Stored dataset items
==*==

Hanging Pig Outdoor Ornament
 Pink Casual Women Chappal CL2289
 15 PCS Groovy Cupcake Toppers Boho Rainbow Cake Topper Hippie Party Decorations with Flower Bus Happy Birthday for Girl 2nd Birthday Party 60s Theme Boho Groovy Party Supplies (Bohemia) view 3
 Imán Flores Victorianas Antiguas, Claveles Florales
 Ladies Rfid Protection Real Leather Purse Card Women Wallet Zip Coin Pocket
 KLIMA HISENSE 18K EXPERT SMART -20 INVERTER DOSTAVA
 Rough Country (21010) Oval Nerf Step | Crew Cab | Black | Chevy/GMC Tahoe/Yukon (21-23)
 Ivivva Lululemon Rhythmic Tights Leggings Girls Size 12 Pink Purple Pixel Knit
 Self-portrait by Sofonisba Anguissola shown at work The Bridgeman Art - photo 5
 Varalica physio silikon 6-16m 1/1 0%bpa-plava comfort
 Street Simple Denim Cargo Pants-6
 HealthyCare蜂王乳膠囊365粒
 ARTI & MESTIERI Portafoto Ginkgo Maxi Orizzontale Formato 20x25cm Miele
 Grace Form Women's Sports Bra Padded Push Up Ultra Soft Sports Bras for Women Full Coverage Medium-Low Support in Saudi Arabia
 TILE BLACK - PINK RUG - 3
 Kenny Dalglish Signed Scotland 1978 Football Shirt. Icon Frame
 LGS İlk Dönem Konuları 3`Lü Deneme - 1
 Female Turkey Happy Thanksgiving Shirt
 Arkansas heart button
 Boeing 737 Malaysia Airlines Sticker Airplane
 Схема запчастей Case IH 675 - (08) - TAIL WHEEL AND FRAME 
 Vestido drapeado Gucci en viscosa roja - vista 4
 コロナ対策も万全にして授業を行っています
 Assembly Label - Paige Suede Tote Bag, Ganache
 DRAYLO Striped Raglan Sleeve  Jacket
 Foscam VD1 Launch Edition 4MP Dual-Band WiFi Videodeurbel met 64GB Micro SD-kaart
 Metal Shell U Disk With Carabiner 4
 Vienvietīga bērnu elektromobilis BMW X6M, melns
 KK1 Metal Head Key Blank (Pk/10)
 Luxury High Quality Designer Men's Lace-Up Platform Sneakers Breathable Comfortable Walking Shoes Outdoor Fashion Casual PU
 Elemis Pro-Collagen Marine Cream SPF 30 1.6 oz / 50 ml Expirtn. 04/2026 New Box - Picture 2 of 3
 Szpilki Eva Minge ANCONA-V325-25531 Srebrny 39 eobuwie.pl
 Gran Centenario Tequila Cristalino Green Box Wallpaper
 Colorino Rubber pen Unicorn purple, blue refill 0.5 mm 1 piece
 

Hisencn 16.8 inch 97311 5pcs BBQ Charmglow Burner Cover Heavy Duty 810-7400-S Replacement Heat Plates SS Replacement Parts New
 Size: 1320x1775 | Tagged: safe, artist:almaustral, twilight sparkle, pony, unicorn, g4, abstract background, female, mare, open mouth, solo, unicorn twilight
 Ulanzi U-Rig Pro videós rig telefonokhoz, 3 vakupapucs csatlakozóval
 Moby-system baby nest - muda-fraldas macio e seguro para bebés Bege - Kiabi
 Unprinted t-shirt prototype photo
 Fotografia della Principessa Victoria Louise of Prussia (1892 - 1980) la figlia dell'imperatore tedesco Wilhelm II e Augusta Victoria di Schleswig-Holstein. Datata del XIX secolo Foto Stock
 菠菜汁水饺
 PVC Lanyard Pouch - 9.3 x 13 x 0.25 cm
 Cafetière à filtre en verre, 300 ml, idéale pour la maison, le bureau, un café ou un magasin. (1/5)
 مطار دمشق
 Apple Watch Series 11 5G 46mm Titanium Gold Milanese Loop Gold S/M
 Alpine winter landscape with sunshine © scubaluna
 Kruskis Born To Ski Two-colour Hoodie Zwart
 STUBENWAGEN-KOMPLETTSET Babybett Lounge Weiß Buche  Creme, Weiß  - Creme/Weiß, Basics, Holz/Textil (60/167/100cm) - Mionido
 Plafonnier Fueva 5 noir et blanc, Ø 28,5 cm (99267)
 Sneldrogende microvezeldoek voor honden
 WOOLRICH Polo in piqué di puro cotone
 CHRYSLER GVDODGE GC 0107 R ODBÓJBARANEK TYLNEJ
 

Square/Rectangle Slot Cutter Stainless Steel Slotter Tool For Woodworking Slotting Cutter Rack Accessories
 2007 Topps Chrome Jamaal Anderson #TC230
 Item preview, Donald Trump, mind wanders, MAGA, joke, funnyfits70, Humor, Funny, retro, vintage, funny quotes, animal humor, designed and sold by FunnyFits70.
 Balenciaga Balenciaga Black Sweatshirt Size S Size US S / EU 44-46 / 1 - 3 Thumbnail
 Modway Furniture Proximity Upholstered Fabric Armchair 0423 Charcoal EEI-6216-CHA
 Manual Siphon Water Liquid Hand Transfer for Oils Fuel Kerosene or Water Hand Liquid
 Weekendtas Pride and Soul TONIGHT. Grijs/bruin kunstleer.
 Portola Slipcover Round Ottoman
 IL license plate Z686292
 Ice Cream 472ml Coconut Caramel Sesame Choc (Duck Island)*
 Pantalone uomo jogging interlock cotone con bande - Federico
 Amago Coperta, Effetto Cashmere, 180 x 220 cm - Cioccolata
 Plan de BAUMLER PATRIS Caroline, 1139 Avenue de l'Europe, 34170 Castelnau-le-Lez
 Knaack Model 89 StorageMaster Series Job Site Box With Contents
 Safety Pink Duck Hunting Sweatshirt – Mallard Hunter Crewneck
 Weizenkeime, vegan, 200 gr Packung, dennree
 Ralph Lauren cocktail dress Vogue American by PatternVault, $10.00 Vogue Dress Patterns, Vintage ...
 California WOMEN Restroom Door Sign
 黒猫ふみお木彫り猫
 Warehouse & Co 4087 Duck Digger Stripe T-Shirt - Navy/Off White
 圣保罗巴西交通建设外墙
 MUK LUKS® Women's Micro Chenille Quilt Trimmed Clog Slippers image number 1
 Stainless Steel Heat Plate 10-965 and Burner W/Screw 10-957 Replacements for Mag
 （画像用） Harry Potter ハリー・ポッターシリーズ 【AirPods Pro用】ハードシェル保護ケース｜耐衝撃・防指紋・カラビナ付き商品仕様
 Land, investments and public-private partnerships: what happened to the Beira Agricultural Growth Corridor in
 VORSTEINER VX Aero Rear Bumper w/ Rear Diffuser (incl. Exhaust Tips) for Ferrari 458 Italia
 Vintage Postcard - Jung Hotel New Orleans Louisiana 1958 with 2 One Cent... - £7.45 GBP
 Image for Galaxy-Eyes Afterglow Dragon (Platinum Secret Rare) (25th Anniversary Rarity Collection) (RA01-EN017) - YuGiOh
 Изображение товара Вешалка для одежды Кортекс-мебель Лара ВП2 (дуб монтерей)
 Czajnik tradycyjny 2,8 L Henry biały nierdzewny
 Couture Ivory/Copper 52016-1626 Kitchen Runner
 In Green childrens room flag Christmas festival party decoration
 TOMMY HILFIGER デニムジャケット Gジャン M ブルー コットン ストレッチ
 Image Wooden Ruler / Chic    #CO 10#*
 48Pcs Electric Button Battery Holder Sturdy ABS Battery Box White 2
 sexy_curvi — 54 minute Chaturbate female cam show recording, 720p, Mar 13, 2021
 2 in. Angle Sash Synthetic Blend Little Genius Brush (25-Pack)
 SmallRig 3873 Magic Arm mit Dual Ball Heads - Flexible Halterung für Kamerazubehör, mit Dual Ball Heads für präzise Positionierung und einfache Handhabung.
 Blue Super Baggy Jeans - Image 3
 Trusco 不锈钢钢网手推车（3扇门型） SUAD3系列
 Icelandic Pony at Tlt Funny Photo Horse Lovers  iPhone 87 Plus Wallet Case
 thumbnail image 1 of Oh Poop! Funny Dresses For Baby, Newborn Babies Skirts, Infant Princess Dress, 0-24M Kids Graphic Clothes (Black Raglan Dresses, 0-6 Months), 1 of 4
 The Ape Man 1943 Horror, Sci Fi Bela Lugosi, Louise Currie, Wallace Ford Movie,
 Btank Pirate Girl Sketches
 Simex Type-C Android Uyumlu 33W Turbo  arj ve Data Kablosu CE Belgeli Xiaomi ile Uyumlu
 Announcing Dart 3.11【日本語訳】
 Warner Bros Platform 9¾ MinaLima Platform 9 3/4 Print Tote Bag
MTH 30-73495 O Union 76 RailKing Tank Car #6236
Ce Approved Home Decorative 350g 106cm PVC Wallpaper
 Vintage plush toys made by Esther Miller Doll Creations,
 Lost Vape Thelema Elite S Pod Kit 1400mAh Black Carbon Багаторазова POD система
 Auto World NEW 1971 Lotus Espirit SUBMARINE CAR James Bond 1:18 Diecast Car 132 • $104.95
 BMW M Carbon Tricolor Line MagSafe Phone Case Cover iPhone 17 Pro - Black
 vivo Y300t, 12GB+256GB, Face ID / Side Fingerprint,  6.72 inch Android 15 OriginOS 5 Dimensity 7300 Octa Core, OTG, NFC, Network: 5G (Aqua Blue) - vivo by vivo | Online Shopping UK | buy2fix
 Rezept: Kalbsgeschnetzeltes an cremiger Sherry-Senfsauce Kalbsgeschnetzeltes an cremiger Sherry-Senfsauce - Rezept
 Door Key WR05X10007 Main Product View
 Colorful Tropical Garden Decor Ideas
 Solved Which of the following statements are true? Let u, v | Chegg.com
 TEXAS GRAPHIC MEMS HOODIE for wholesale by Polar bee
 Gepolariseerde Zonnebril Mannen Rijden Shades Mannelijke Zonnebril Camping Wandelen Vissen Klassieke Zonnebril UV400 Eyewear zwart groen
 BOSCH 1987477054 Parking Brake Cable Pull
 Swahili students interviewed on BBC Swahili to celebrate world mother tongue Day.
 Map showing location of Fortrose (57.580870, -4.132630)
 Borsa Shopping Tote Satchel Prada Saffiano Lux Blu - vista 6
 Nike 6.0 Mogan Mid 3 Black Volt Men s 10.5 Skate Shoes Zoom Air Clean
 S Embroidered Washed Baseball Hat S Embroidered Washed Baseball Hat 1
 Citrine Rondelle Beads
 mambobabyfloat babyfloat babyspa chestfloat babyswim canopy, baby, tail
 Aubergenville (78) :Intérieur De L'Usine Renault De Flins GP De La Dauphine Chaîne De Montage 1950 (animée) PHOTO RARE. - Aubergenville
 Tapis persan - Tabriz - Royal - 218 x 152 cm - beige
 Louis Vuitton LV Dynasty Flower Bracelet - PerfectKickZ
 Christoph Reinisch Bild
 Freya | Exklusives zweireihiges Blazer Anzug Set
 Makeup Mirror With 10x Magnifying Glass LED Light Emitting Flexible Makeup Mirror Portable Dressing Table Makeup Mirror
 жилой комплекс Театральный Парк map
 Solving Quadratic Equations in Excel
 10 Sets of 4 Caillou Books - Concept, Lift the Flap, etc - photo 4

==*==

> [EXERCISE] Please return the lines above that run from the line containing "Weekendtas Pride and" to the line containing "VORSTEINER VX Aero", inclusive, exactly and with no other lines.

> [SOLUTION TO THE EXERCISE]
 Weekendtas Pride and Soul TONIGHT. Grijs/bruin kunstleer.
 Portola Slipcover Round Ottoman
 IL license plate Z686292
 Ice Cream 472ml Coconut Caramel Sesame Choc (Duck Island)*
 Pantalone uomo jogging interlock cotone con bande - Federico
 Amago Coperta, Effetto Cashmere, 180 x 220 cm - Cioccolata
 Plan de BAUMLER PATRIS Caroline, 1139 Avenue de l'Europe, 34170 Castelnau-le-Lez
 Knaack Model 89 StorageMaster Series Job Site Box With Contents
 Safety Pink Duck Hunting Sweatshirt – Mallard Hunter Crewneck
 Weizenkeime, vegan, 200 gr Packung, dennree
 Ralph Lauren cocktail dress Vogue American by PatternVault, $10.00 Vogue Dress Patterns, Vintage ...
 California WOMEN Restroom Door Sign
 黒猫ふみお木彫り猫
 Warehouse & Co 4087 Duck Digger Stripe T-Shirt - Navy/Off White
 圣保罗巴西交通建设外墙
 MUK LUKS® Women's Micro Chenille Quilt Trimmed Clog Slippers image number 1
 Stainless Steel Heat Plate 10-965 and Burner W/Screw 10-957 Replacements for Mag
 （画像用） Harry Potter ハリー・ポッターシリーズ 【AirPods Pro用】ハードシェル保護ケース｜耐衝撃・防指紋・カラビナ付き商品仕様
 Land, investments and public-private partnerships: what happened to the Beira Agricultural Growth Corridor in
 VORSTEINER VX Aero Rear Bumper w/ Rear Diffuser (incl. Exhaust Tips) for Ferrari 458 Italia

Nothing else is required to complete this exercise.